Short descriptive text snippets:
━━━━━━━━━━━━━━━━━━━━━━━━━━━━━━
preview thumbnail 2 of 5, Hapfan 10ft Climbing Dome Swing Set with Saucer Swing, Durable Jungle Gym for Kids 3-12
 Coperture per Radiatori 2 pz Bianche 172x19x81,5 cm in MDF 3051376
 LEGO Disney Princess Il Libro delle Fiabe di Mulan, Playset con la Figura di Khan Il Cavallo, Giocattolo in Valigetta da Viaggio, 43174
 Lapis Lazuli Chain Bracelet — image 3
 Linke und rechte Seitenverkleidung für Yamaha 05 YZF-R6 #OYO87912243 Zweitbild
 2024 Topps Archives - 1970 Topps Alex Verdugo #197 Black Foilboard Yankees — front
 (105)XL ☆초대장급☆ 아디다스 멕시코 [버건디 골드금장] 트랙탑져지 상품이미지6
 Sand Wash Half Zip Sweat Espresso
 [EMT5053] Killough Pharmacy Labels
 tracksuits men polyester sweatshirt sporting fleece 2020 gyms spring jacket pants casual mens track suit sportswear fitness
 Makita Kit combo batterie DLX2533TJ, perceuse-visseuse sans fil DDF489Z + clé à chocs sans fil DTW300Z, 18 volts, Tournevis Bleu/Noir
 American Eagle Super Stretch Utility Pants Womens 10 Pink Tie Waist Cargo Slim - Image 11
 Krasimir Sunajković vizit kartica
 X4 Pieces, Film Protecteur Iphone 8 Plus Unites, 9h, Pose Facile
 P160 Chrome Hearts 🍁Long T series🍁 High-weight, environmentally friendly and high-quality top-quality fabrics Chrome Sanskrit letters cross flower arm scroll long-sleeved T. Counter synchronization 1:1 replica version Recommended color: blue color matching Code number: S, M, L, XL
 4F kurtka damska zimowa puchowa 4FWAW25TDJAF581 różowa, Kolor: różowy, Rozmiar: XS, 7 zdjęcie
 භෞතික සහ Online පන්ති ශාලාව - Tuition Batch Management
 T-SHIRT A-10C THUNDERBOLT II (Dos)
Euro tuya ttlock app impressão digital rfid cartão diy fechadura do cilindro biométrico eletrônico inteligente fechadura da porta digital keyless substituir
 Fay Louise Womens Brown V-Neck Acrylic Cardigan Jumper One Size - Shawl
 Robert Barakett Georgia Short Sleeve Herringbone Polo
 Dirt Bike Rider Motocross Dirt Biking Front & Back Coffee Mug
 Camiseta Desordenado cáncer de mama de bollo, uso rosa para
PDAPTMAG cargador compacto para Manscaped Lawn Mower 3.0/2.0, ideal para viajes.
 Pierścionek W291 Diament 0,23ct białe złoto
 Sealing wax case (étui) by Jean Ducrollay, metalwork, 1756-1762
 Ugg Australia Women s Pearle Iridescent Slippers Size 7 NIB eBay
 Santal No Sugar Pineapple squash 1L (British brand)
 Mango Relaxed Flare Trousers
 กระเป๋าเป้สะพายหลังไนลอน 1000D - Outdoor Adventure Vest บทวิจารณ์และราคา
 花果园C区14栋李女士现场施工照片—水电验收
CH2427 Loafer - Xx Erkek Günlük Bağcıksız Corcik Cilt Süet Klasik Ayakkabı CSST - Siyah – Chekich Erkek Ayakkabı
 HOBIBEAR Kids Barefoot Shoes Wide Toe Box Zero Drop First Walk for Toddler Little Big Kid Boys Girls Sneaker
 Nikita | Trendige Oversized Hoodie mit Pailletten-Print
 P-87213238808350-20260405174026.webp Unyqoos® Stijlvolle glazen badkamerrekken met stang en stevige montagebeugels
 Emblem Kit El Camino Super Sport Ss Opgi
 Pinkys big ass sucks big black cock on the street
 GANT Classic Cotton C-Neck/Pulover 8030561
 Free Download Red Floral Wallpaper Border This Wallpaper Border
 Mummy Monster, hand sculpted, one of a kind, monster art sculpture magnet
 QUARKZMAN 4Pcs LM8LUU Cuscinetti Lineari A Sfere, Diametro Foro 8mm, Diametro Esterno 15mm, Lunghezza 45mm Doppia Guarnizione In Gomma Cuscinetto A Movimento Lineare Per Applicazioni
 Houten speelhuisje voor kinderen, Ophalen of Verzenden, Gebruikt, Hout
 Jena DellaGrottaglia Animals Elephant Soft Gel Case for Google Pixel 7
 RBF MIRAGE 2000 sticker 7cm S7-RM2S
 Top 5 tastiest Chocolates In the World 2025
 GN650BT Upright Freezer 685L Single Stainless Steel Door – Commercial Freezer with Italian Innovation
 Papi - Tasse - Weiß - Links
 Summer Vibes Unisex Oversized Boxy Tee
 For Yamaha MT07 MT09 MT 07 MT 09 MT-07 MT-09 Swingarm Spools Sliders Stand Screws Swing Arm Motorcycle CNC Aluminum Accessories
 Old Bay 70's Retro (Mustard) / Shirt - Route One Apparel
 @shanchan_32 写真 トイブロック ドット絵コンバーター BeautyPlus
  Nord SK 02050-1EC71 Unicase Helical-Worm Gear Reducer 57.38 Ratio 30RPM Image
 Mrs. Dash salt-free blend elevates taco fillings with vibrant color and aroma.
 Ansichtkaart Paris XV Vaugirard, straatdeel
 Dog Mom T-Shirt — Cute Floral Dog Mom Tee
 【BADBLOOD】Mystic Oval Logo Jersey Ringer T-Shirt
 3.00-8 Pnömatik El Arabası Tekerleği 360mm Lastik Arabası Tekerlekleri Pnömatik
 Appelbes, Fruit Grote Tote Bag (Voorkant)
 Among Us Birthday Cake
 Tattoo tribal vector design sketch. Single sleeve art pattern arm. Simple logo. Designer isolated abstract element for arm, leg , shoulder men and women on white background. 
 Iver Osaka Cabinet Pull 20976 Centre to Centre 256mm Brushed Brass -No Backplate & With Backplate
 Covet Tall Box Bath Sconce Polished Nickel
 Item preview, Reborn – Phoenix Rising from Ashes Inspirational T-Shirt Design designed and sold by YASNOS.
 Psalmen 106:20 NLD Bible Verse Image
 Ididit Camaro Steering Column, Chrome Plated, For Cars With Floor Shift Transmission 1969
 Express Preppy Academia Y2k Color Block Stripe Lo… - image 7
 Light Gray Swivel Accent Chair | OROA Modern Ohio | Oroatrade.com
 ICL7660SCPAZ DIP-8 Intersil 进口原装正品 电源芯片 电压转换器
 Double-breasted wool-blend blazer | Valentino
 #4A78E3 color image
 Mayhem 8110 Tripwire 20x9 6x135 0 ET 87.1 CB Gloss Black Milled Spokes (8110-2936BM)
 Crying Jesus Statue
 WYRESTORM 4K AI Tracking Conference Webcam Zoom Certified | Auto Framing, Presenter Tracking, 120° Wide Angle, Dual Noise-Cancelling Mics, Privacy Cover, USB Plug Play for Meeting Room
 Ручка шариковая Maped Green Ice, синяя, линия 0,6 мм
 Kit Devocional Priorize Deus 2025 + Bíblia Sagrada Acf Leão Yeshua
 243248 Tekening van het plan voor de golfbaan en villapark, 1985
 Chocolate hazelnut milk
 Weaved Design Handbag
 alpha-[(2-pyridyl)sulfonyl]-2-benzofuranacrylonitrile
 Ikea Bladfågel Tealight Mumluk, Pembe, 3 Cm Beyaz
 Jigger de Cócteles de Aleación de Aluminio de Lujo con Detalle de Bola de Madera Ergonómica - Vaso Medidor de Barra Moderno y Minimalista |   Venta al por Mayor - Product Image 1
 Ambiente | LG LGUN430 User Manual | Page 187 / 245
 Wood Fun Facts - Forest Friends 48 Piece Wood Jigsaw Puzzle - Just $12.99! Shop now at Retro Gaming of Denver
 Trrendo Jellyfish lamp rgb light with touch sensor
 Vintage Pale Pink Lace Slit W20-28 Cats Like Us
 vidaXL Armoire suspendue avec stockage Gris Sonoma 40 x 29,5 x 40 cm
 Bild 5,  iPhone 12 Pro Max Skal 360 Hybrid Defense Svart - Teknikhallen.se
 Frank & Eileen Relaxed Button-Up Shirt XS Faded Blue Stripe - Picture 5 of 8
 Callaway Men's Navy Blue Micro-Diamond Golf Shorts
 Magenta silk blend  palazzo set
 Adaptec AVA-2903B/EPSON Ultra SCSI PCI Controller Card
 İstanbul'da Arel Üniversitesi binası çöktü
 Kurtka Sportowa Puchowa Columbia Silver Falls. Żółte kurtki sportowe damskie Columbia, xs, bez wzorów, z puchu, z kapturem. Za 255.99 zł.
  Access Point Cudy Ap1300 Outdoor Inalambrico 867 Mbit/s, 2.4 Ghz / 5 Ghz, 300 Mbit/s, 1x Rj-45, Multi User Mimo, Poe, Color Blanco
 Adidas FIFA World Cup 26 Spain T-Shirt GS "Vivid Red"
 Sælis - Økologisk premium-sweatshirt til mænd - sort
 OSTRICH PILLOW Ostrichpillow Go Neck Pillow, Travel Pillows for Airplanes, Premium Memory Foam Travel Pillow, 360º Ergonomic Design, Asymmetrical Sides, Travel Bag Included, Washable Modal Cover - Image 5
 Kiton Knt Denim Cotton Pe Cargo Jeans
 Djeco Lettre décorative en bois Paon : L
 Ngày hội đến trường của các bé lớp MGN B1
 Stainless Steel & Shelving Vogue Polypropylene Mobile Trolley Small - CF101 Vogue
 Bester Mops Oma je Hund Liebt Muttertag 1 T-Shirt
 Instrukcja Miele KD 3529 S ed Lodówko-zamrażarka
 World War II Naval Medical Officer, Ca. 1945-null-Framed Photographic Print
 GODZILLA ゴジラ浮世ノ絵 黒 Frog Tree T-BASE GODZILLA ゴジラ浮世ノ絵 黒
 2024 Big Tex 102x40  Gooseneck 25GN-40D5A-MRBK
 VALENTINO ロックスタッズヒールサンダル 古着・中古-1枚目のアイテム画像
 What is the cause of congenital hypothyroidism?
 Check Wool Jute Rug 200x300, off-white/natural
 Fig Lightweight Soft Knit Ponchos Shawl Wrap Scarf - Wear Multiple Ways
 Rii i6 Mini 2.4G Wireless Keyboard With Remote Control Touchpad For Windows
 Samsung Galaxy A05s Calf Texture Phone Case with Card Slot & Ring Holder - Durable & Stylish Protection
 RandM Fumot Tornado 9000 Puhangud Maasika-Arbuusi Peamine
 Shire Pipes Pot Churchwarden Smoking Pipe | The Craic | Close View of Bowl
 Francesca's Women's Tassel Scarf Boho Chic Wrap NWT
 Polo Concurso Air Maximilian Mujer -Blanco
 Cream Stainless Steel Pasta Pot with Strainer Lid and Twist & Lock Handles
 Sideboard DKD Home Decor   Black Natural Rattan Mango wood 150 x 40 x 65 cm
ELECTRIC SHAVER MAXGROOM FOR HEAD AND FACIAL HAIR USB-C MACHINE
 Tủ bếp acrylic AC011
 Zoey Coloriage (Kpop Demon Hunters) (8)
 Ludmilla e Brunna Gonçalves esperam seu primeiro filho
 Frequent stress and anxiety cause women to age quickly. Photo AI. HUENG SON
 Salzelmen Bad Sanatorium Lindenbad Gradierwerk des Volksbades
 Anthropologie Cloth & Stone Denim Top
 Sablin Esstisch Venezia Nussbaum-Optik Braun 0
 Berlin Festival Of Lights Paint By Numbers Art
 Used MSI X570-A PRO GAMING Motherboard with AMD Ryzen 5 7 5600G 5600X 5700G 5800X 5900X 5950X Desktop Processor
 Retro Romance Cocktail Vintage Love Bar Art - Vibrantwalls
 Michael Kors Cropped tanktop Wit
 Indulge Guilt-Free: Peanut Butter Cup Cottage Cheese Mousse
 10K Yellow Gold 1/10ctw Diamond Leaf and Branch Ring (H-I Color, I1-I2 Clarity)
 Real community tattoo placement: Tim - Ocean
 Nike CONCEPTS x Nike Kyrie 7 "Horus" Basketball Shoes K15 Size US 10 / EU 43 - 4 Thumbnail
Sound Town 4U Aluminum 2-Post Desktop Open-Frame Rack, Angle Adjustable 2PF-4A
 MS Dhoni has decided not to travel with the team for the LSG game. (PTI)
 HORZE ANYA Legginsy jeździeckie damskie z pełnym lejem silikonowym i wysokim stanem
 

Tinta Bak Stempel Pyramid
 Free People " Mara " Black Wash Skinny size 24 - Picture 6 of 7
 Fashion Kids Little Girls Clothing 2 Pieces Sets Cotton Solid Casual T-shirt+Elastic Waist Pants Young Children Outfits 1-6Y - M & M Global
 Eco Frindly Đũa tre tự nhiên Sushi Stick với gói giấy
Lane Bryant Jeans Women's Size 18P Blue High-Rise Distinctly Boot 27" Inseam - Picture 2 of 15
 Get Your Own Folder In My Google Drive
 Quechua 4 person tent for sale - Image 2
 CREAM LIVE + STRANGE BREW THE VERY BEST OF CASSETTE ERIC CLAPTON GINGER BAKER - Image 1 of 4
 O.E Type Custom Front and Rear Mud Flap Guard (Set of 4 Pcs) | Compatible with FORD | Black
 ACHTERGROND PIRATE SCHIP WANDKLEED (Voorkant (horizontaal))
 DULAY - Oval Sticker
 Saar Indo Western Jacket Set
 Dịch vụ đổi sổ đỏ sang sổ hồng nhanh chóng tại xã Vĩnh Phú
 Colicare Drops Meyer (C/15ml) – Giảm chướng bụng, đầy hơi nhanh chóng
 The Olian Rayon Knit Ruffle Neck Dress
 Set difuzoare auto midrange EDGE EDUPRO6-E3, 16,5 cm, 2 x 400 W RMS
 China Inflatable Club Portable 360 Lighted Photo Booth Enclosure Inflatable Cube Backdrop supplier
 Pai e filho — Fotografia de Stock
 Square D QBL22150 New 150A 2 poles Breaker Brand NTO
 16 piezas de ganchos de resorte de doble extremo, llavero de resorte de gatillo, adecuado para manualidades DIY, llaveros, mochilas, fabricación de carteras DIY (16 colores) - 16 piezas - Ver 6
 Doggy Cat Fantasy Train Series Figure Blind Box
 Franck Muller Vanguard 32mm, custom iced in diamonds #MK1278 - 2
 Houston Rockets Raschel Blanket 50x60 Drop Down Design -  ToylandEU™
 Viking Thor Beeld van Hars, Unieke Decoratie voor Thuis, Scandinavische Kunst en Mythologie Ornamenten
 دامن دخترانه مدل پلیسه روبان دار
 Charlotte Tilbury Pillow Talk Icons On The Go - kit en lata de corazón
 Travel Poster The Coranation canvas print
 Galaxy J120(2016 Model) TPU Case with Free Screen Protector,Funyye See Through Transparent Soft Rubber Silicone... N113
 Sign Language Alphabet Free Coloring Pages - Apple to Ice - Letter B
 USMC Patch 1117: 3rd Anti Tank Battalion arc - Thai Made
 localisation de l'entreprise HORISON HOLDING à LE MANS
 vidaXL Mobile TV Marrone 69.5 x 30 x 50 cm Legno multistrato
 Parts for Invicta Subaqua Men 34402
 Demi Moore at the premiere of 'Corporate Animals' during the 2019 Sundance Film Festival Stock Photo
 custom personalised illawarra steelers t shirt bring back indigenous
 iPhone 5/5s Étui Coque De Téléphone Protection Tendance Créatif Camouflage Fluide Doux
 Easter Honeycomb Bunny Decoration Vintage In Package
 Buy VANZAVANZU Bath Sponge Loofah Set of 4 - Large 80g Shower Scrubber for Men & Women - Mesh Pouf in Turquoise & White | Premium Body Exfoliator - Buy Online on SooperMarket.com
━━━━━━━━━━━━━━━━━━━━━━━━━━━━━━
#### Task instructions
Identify each line in the records above that contains the word "Super", and copy it out in full.

#### Output of the task
 American Eagle Super Stretch Utility Pants Womens 10 Pink Tie Waist Cargo Slim - Image 11
 Emblem Kit El Camino Super Sport Ss Opgi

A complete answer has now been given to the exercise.